Страница 1

 

Письмо №31 стр. 1

To your first — there's little to answer: "Can you do anything to help on the Society?" Want me to speak frankly? Well I say so: neither yourself nor the Lord Sang-gias Himself — so long as the equivocal position of the Founders is not perfectly and undeniably proved due to fiendish malice and a systematic intrigue — could help it on. That's the situation as I found it, as ordered by the chiefs. Watch the papers — all except two or three; the "dear old lady" ridiculed when not positively libelled, Olcott attacked by all the hell-hounds of the press and missions. A pamphlet headed "Theosophy" printed and circulated by the Christians at Tinevelly October 23rd on the day of O.'s arrival there with the Buddhist delegates — a pamphlet containing the Saturday Review article and another filthy, heavy attack by an American paper. The C. and M. of Lahore hardly missing a day without having some attack and other papers reprinting them, etc., etc.

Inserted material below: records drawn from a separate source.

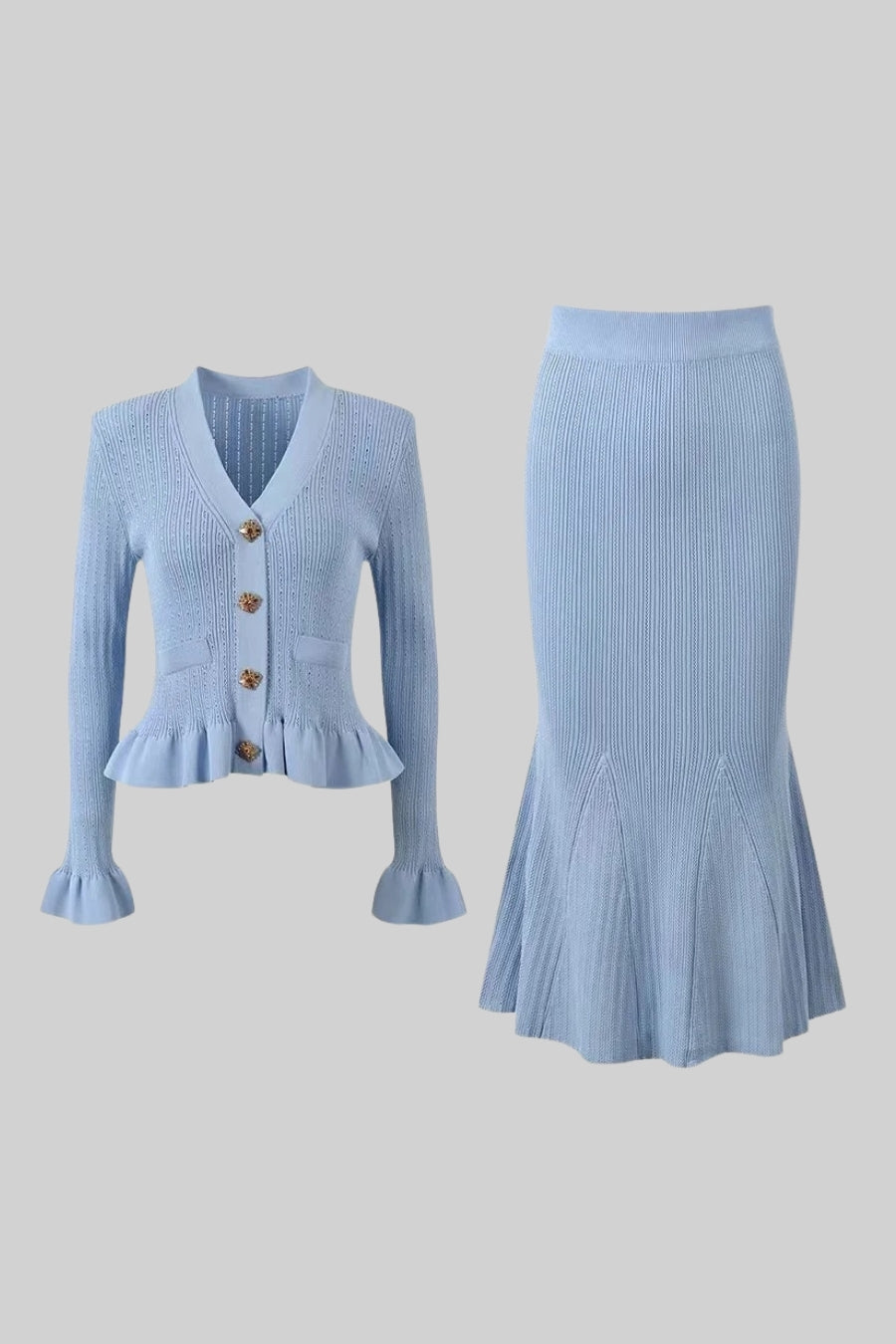 Conjunto Coordinado Chaqueta Volantes Y Falda Punto Alinea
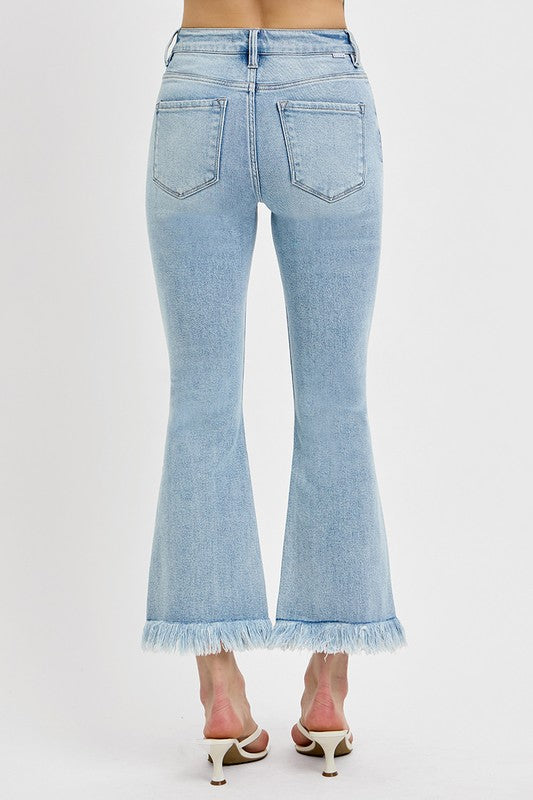 RISEN Full Size Raw Hem Distressed Cropped Flare Jeans Plus Size - Whispering Desires Shoppe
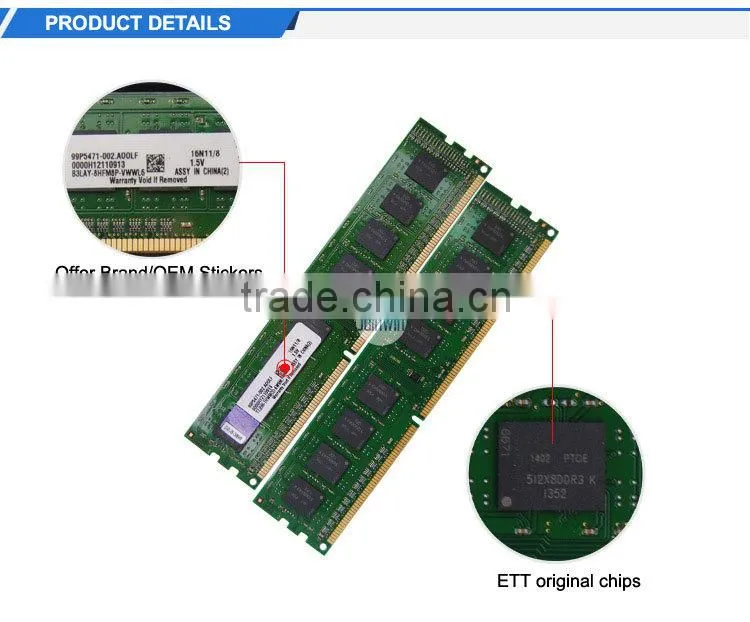 Quality assurance full compatible 512mbx8 ddr3 8gb desktop ram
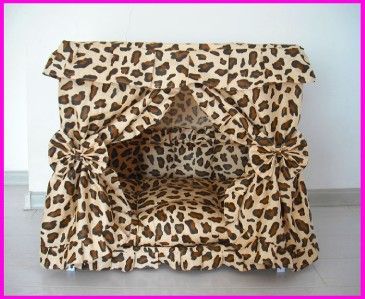 Leopard Print Pet Dog Cat Handmade Bed Furniture House + pillow  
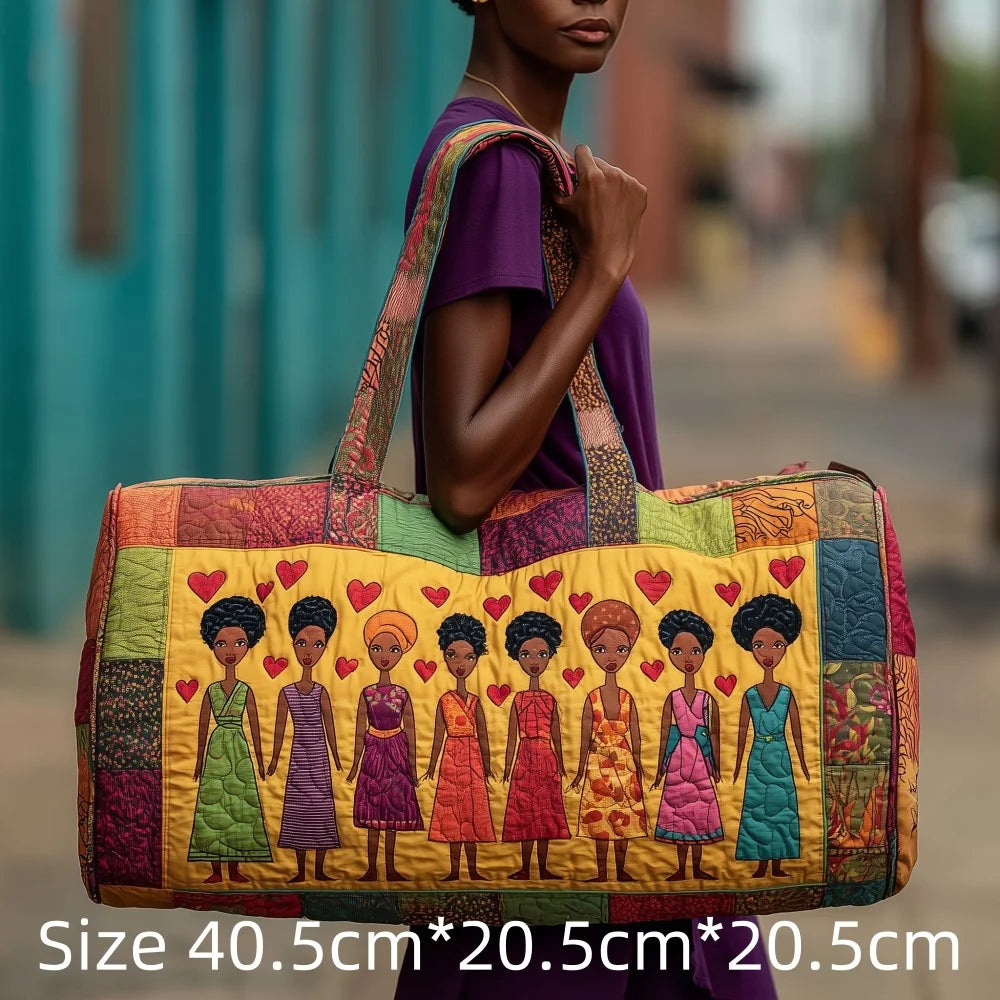 3D Quilted African Tote Bag for Women Colorful Tribal Print African Ladies Sunset Fruit Basket Gym Boho Festival Overnight Bags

You English have your notions — we have our own upon the subject. If you keep the clean kerchief in your pocket and throw but the soiled one into the crowd — who will pick it up? Enough. We must have patience and do what, meanwhile, we can. My opinion is, that if your Rattigan is not quite a scoundrel, one of his papers having thrown and throwing daily dishonour upon an innocent woman, he would be the first to suggest you the idea of translating and publishing her uncle's letters (to you


Notes: 

The Lord Sang-gyas (sangs rgyas) is the Tibetan name for the Buddha.